> Exercise instructions: Which lines mention "Toyota"? Show each one from the listing.

> Records to use:
┌────────

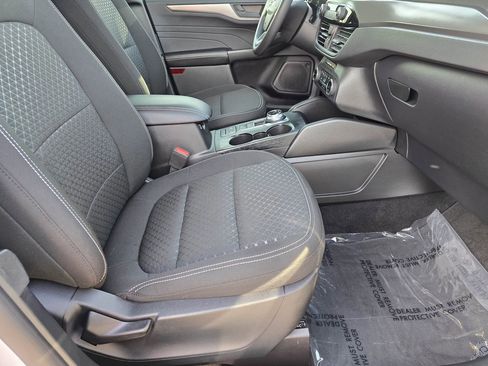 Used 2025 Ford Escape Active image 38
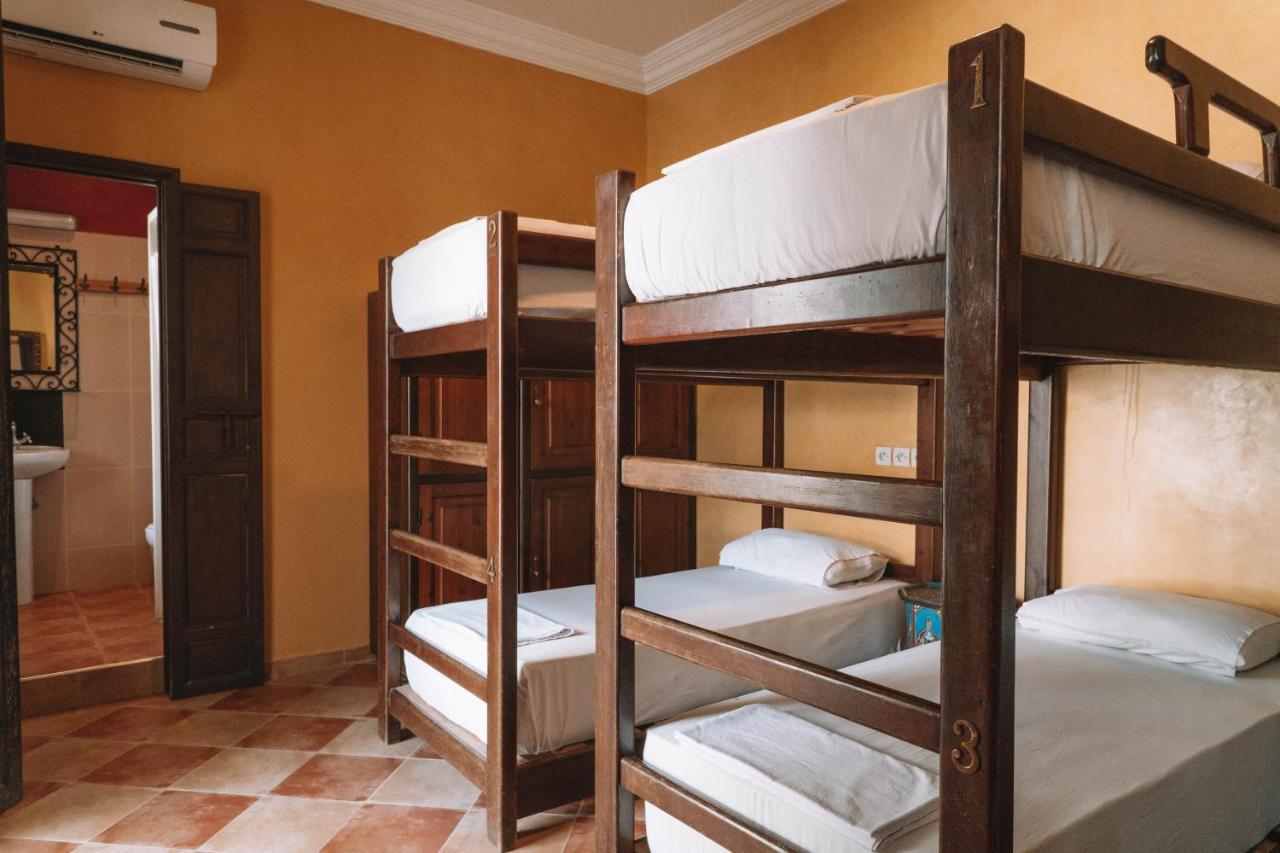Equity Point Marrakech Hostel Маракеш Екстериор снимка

└────────
┌────────

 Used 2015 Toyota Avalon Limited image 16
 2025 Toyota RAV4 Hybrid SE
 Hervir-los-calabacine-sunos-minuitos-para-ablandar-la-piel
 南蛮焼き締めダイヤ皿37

└────────
┌────────

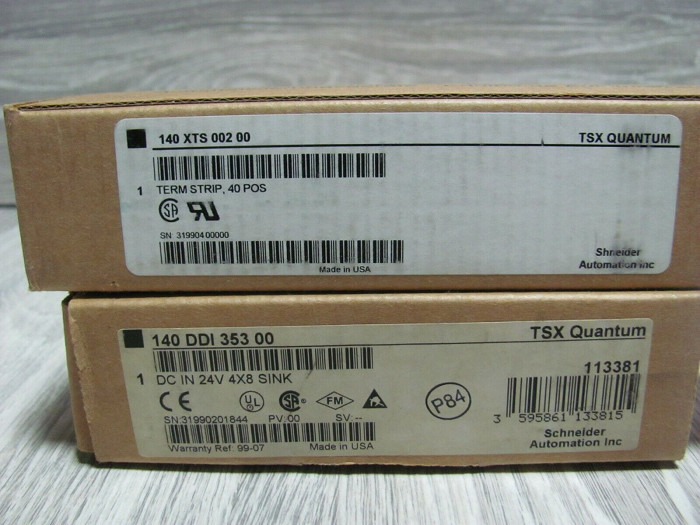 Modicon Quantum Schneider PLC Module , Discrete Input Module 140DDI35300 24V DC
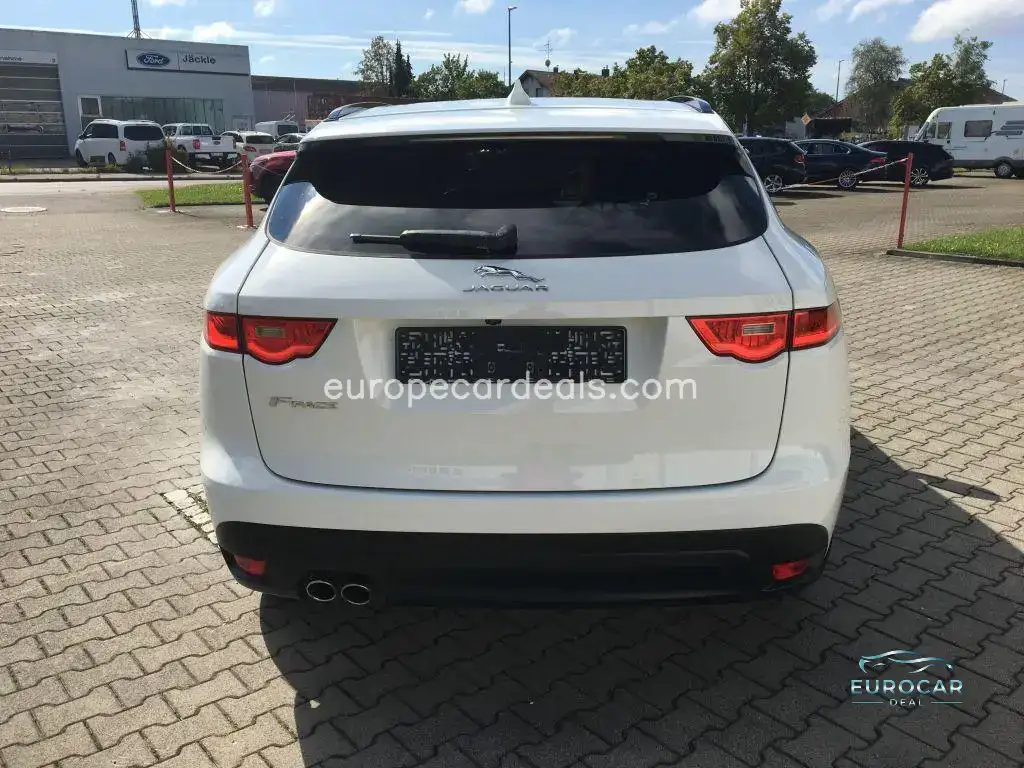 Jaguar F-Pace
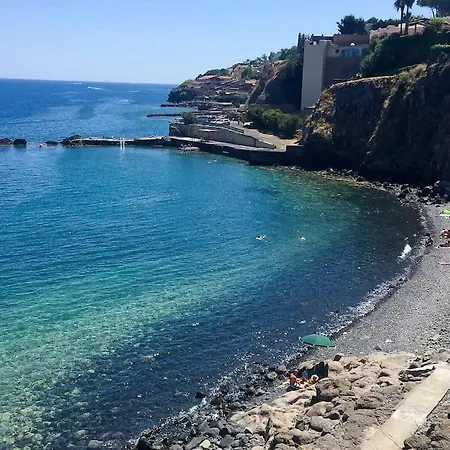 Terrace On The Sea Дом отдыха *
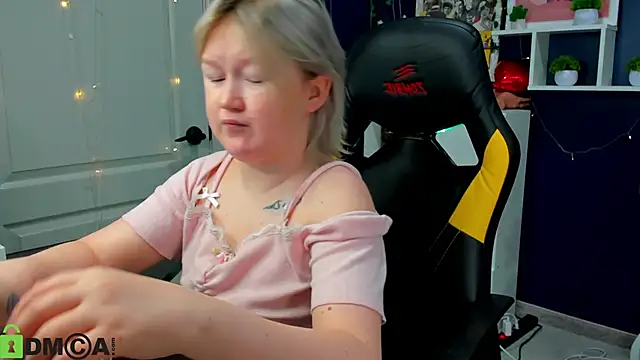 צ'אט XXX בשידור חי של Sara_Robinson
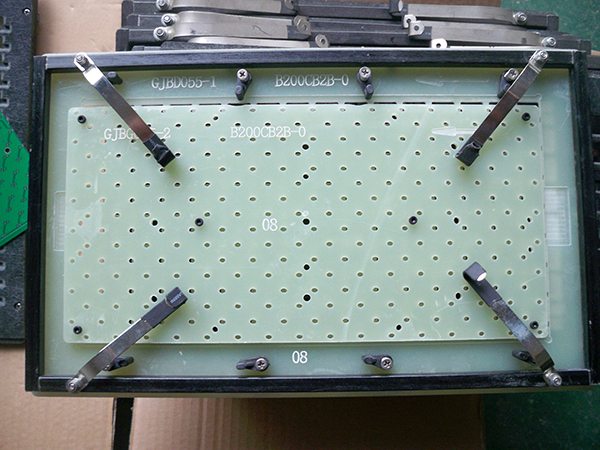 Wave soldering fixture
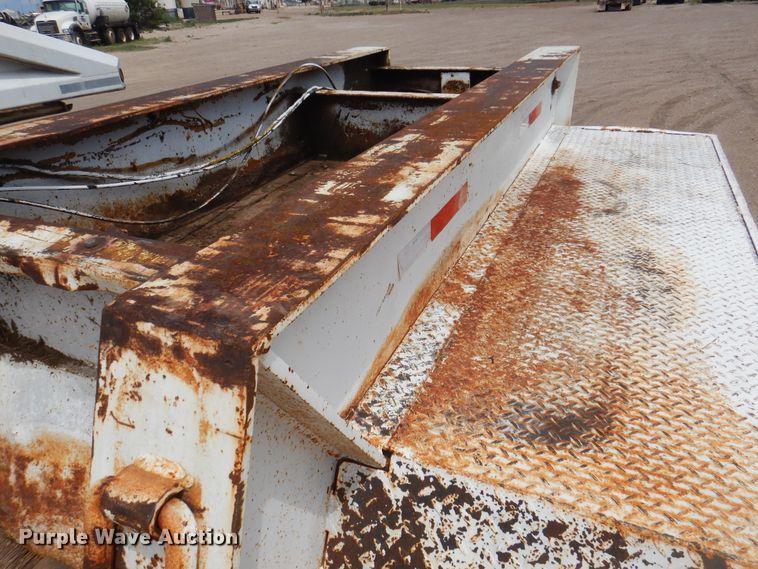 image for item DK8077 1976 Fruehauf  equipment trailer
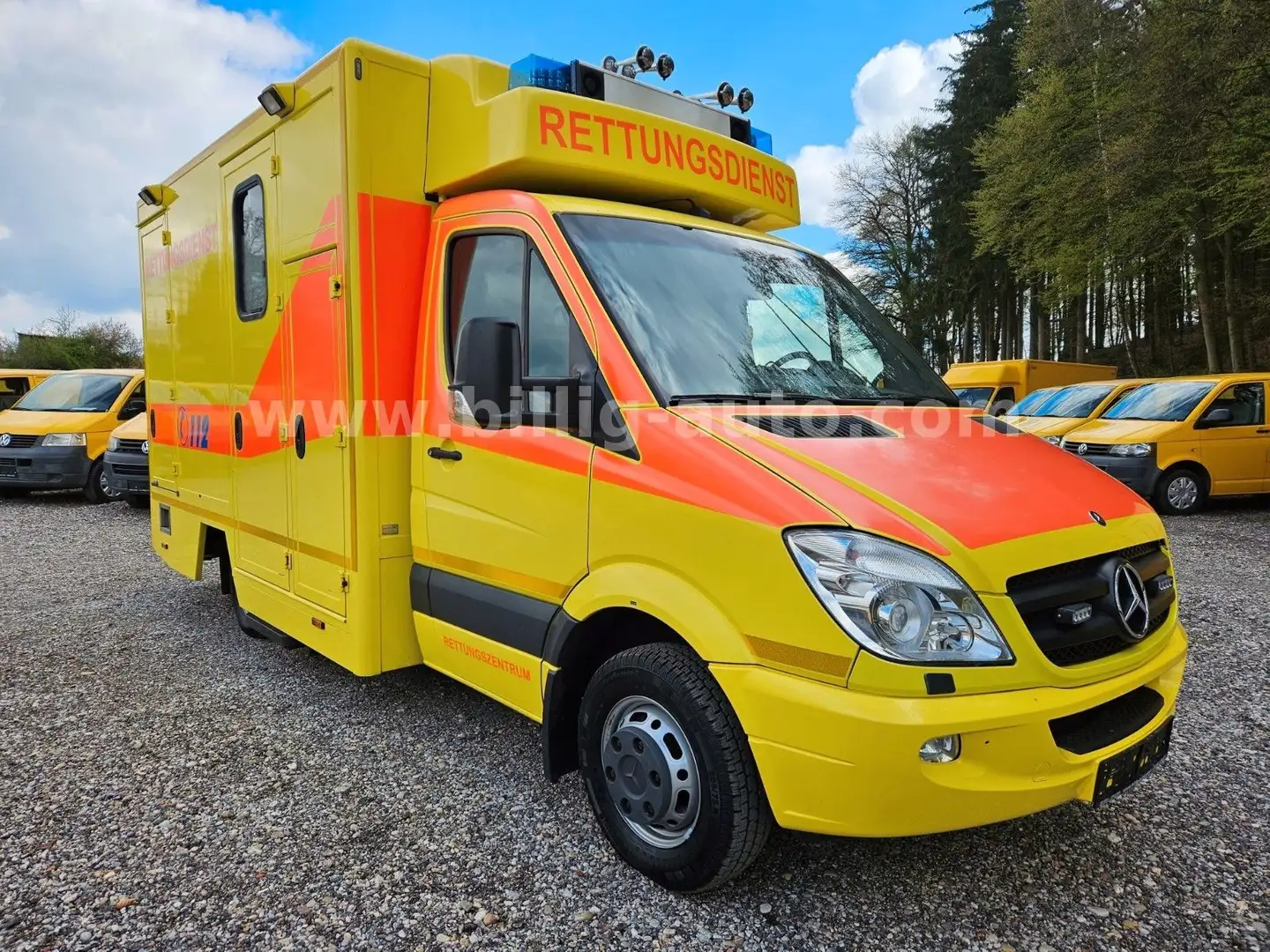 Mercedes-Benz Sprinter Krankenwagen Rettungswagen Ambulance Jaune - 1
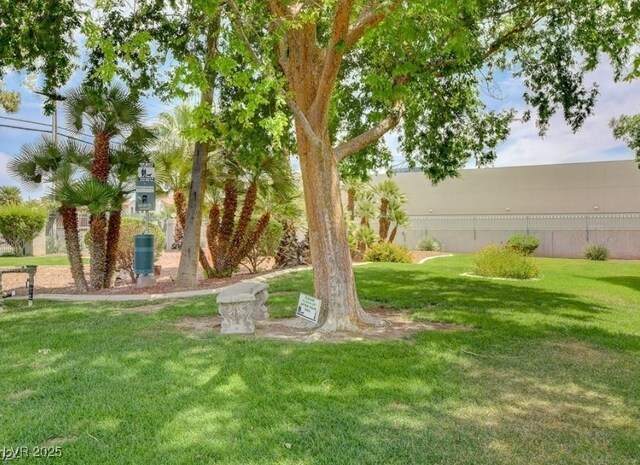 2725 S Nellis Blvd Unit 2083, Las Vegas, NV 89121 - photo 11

└────────

> Result for this exercise:
 Used 2015 Toyota Avalon Limited image 16
 2025 Toyota RAV4 Hybrid SE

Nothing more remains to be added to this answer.